Almighty God, you have given your only Son to be for us a sacrifice for sin, and also an example of godly life: Give us grace to receive thankfully the fruits of his redeeming work, and to follow daily in the blessed steps of his most holy life; through Jesus Christ your Son our Lord, who lives and reigns with you and the Holy Spirit, one God, now and forever. Amen.
Collect, Book of Common Prayer
Contrary to popular opinion, Episcopalians do not refer to the prayers we say at the beginning service as “collects” because we love obscure words for almost everything. The word, “collect,” actually comes from the Latin word, collecta, meaning “a gathering.” And it was used as early as the 5th century by the church to describe the opening prayers used in worship.
The idea behind the word is that these opening prayers “bring together” our individual prayers worship and give them a single voice. Collects are also designed to “bring together” the thoughts of the day’s readings from Scripture into the form of a prayer. So, the themes of most collects are usually reflected in the longing or challenges raised by the Scriptures that we read.
This has important implications for the way in which we understand and use these prayers:
One, they are focused and purposeful. If they don’t seem that way, if they feel more like a verbal “surf” washing over us, it is largely because we fail to focus on the words that we say and drop into autopilot.
Two, they are deeply imbedded in the Bible. It is not unusual for our Christian brothers and sisters to complain that our worship isn’t biblical. But, in fact, apart from being every bit as old as the Bible itself, the form our worship takes is shot through with the language of the Bible. And the collects are an attempt to distill what the Bible has to tell us on any given Sunday into the form of a prayer for God’s help to live into the meaning of Scripture.
Three, collects are based on the promises of Scripture concerning prayer. Scripture says that whenever two or three are gathered, God is with us. The Bible also enjoins us to agree as we pray. What could be more important, for us to agree upon and pray for than that God realize the purpose of his word in our lives?
Finally: If you’ve been following me, you will realize that we also believe that the prayers we say in worship are not just supposed to express ideas. Our prayers are also meant to change us, to form us, to mold us into the kind of people God longs for us to be.
So, with that as a bit of background, what are we are praying for in today’s collect? And what does the Scripture that we’ve read have to suggest about that prayer?
Let’s take it line by line:
Almighty God, you have given your only Son to be for us a sacrifice for sin…
When we pray this prayer the first thing that we are doing is that we are acknowledging that in Christ God has spared us the consequences of our sin.
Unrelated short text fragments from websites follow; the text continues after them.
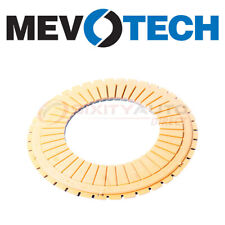 Mevotech Alignment Shim for 1999-2000 Chevrolet Prizm 1.8L L4 - Wheels Tires gy picture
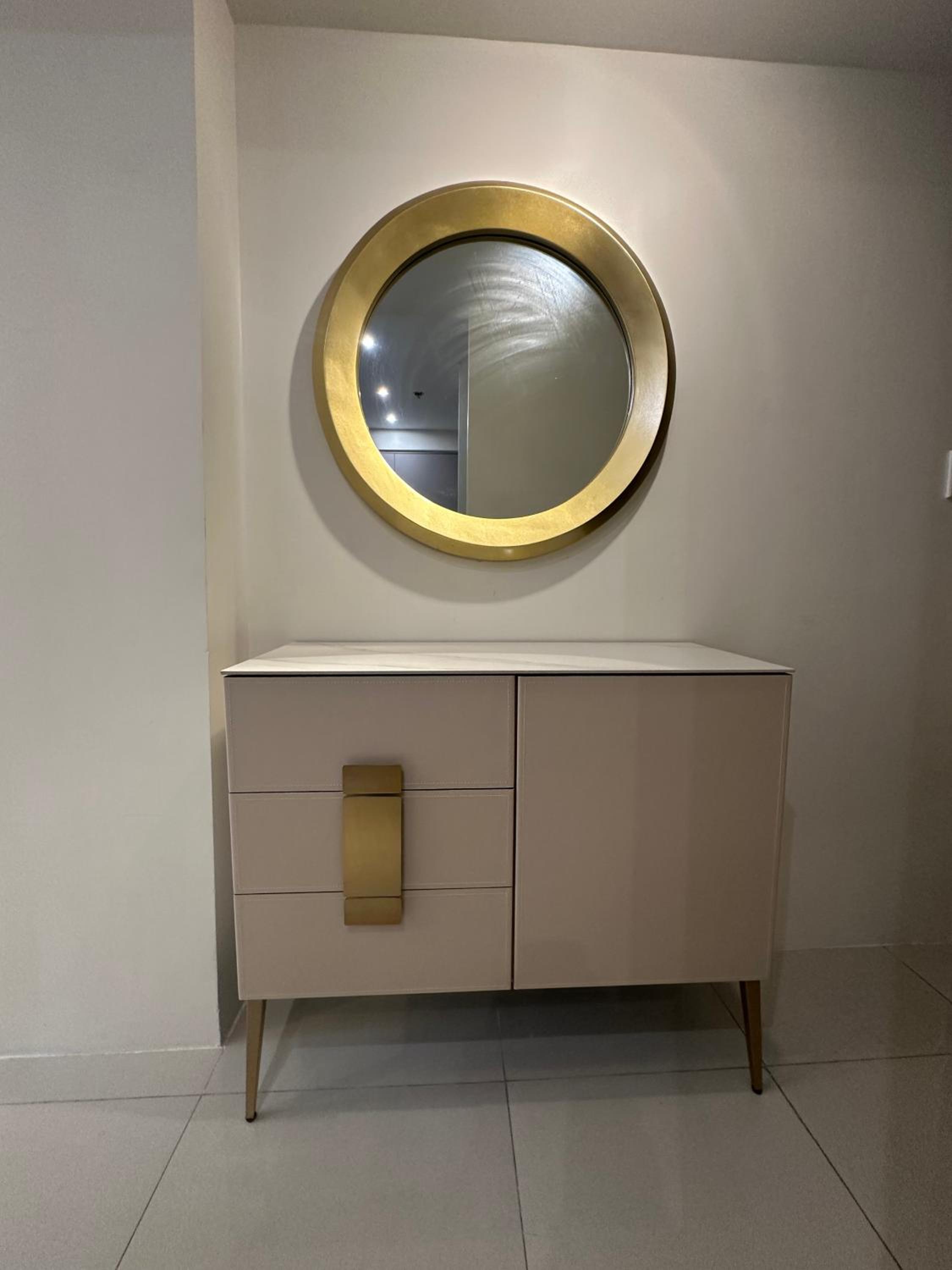 Spacious Unit & High-Floor Hotel near City of Dreams, Airport, Okada, and Solaire Casino
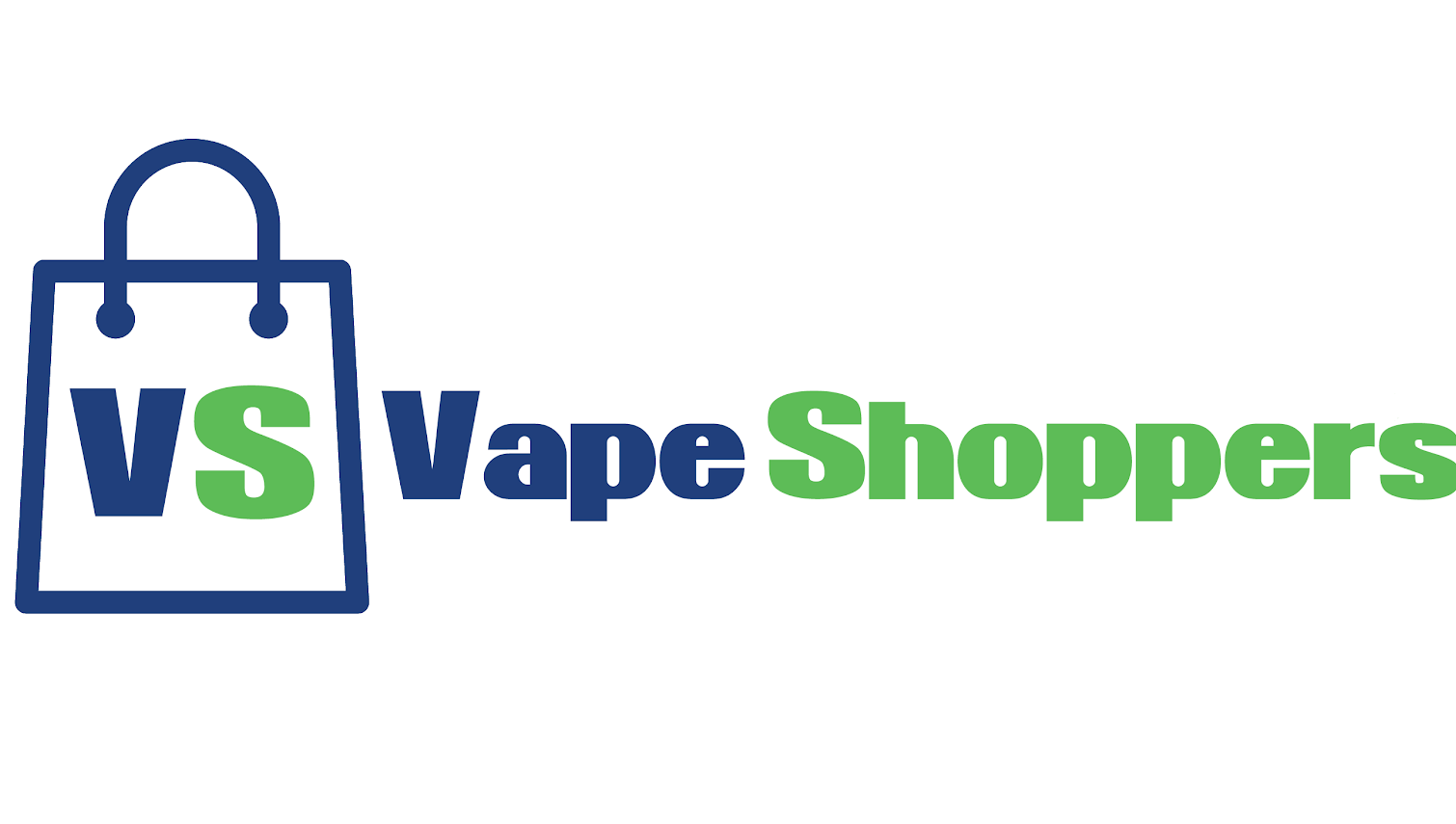 Vapeshoppers.co.uk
It’s common for people who don’t understand Christianity to argue that God is out to get us. But, actually, nothing could be further from the truth. It would be more accurate to say that God is out to save us from ourselves.
Now, given the way that we sometimes talk about sin in the church, there are many people who think that the only person who really needs to be saved is the spectacular sinner: the compulsive liar, the abusive husband, the murderer, the rapist, the embezzler. But anyone who has looked at their own sins in anything like an honest fashion has understood why there is so much truth in the saying, “There but for the grace of God go I.”
Apart from that, however, the other way in which we all need saving goes to the questions of identity, meaning and purpose. Without God, it is impossible to arrive at adequate answers to life’s most pressing questions: Why am I here? What is the point of life? What is a good life? How should I make decisions? What does it mean to be moral? What will happen to me when I die? Will I endure at all? Will my life have been of any lasting significance?
Our society is in a mad scramble to answer those questions, relying on race, gender, sexual orientation, intersectionality, and politics. But every one of those approaches are based upon contingent notions of what it means to be a human being. In any other day and age, those considerations would have been and will be different. There is nothing lasting or essential about any of them – and as the pace of changes demonstrates, none of them have the shelf life of ice cream.
So, when we acknowledge in our prayers that God has saved us from our sins, we are not just talking about being saved from the consequences of immoral actions. We are talking about being saved from “missing the mark” in other ways. Defining ourselves in terms that are of passing importance. Defining ourselves in terms that aren’t essential to what it means to be a human being. Defining ourselves in terms that are self-absorbed and narcissistic.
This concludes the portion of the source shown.